SynthoPlate Nanotechnology For Intravenous Hemostasis and Wound Healing in Prolonged Field Care 
Department of Defense JPC-6 Combat Casualty Care Research Program, DM160354,10/01/17-09/31/20, PI: Gupta, Co-PI: Neal 
The major goals of this project are to develop and refine a novel synthetic platelet substitute (SynthoPlate) for resuscitation of hemorrhage and promotion of wound healing.

Mechanistic Elucidation and Targeted Therapy of Platelet Dysfunction after Trauma
NIH/NIGMS, 08/01/16-07/31/21, PI: Neal
The major goals of this project are to elucidate the mechanisms of platelet dysfunction following trauma and identified targeted therapies to attenuate organ injury and coagulopathy related to microvascular thrombosis.

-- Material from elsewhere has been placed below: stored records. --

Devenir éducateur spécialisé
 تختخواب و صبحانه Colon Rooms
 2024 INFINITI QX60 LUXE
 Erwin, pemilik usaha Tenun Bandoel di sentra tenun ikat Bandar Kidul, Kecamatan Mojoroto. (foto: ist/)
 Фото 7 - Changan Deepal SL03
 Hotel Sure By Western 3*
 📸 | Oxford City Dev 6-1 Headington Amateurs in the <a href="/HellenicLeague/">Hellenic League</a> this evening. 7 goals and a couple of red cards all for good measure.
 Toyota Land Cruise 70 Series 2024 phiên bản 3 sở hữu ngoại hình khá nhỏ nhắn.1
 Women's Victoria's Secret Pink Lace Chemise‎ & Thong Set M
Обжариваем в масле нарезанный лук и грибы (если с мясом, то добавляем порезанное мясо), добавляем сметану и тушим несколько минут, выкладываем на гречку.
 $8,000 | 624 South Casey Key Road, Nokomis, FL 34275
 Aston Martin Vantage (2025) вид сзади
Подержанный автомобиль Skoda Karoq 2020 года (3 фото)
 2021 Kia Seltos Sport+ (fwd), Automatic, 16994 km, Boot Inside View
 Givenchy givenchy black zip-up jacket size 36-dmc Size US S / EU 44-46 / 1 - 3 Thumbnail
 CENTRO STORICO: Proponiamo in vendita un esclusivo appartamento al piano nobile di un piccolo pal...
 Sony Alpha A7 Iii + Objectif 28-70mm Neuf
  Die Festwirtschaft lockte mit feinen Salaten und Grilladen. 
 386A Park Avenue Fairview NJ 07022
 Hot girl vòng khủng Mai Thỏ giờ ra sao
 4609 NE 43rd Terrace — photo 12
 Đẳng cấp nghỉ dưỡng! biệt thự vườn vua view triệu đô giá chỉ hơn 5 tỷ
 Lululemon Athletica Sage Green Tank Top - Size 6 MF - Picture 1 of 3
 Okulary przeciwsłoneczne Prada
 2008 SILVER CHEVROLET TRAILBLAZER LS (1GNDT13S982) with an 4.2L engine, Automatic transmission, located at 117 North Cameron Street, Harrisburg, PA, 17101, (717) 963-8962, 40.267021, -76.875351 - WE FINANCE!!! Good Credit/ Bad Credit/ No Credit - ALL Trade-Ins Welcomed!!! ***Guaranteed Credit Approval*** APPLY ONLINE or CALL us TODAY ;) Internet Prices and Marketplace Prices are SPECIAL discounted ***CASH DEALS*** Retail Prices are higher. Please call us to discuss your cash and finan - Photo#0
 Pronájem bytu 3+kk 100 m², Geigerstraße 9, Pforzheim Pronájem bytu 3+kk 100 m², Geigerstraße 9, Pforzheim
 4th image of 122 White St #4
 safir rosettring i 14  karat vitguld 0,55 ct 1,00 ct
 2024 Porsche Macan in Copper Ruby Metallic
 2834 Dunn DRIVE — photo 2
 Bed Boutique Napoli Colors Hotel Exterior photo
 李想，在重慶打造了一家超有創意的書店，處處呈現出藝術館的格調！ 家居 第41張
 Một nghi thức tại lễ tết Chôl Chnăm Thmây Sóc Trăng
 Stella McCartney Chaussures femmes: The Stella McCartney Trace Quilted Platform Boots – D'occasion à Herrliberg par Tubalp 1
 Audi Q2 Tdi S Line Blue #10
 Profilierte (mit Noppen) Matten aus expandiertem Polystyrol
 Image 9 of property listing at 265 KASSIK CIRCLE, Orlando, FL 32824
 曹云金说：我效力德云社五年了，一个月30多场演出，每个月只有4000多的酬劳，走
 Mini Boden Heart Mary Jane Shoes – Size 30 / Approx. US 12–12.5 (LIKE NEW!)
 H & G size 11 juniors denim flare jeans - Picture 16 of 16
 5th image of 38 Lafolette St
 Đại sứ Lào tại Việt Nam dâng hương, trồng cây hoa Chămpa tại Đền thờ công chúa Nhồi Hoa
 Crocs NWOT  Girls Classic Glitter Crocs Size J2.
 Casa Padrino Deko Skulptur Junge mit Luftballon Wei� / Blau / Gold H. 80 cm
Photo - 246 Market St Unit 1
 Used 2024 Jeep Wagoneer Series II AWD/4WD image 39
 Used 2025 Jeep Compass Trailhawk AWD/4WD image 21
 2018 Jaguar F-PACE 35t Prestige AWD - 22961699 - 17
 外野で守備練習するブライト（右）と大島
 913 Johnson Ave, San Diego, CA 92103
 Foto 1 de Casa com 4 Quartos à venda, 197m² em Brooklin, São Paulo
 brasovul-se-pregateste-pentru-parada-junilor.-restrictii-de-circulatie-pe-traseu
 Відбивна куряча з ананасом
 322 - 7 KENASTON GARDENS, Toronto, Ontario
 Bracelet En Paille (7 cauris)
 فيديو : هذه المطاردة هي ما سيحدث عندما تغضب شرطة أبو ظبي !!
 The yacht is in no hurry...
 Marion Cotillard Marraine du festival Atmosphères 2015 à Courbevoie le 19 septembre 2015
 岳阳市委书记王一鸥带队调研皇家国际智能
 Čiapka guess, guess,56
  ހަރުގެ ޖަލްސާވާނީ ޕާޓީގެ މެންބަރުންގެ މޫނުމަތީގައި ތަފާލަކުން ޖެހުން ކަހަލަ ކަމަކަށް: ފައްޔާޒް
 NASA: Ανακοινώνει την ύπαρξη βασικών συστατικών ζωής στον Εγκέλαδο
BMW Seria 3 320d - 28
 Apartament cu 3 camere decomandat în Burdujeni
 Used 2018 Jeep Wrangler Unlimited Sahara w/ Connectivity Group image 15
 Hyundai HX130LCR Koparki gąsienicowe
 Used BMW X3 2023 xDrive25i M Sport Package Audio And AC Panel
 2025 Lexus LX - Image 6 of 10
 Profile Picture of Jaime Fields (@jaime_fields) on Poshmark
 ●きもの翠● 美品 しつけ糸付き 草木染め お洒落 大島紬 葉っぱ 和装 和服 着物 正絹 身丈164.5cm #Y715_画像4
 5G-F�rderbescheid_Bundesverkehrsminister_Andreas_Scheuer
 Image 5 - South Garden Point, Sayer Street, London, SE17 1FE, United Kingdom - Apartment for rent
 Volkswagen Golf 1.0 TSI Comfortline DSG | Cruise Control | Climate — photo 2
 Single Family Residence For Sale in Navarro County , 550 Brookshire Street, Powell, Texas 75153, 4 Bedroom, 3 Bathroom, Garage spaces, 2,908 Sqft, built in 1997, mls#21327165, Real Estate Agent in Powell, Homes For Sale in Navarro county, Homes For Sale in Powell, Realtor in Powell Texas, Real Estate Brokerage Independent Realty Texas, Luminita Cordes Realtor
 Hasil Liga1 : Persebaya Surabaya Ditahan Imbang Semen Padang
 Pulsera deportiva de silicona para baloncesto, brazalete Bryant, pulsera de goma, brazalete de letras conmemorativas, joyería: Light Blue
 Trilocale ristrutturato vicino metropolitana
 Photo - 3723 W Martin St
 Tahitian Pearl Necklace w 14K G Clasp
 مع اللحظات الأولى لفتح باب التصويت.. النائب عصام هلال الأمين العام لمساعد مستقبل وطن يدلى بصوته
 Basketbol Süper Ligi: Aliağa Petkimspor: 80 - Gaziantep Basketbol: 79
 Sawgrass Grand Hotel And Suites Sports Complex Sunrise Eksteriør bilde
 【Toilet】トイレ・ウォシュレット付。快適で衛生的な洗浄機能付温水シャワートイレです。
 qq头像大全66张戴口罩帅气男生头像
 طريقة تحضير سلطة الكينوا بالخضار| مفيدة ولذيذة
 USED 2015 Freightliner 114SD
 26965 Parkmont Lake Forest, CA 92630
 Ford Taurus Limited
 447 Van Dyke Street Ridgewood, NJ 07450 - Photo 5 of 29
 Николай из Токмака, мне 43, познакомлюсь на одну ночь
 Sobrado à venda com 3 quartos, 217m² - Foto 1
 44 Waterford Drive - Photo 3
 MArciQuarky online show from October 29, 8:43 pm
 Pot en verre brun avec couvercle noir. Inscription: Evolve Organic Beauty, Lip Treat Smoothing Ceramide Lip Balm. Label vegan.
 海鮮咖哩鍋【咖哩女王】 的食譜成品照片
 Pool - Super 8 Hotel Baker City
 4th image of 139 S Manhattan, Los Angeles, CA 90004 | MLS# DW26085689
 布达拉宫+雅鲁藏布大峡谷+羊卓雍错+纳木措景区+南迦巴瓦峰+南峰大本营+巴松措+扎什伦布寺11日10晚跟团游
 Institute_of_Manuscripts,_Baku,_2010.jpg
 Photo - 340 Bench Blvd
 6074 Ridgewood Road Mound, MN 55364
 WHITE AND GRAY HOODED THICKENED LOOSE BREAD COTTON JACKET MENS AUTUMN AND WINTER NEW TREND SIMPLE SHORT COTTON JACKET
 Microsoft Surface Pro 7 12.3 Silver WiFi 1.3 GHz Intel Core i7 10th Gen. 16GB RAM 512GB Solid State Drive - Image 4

Platelet-derived HMGB1 Regulates Thrombosis and Organ Injury Following Trauma and Hemorrhagic Shock 
Vascular Medicine Institute, University of Pittsburgh, 07/01/2015 – 06/30/2017, PI: Neal
The major goals of this project are to define the role of HMGB1 secreted from platelets on organ injury following trauma/hemorrhage and to explore the role of chloroquine as a therapeutic target.

Utilization of Thromboelastography to Monitor Rivaroxaban Activity in Trauma and Emergency Surgery 
Janssen Pharmaceuticals, 39039039THR1001, 2/16/2016-2/16/2018, PI: Neal
The major goals of this project are to assess whether thromboelastography is useful for monitoring the effects of a novel oral anticoagulant in trauma patients.

Analysis and Characterization of Trauma-Induced Coagulopathy 
NIH/NHLBI,UM1HL120877,  9/30/13 – 6/30/18, PIs: Esmon, & Wisniewski
The major goals of this project are to elucidate the mechanisms that drive coagulopathy following sterile injury. The site co-I role is to investigate the response of platelets to sterile inflammatory ligands as a sub-project of the aims.

Endotypes of Thrombocytopenia in the Critically Ill 
NIH/NHLBI, 1 R21 HL133891-01, 8/1/2016 – 7/31/2018, PIs: Clermont & Parker
The major goals of this project are to define the various endotypes of thrombocytopenia in the intensive care unit and assess whether thromboelastography and other platelet analytics can predict the clinical course of these patients.

Establishment of a Rabbit Model of Ionizing Radiation-induced Thrombocytopenia, Coagulopathies, and Measures of Associated Vascular and Organ Injury 
HHS/OS/ASPR/BARDA, #HHS0100201500008I, 8/2/2016 – 12/31/2017, PI: Bartholomew
The major goals of this project are to establish a rabbit model of radiation induced liver injury resulting in coagulopathy and thrombocytopenia for the study of mechanisms associated with radiation induced injury.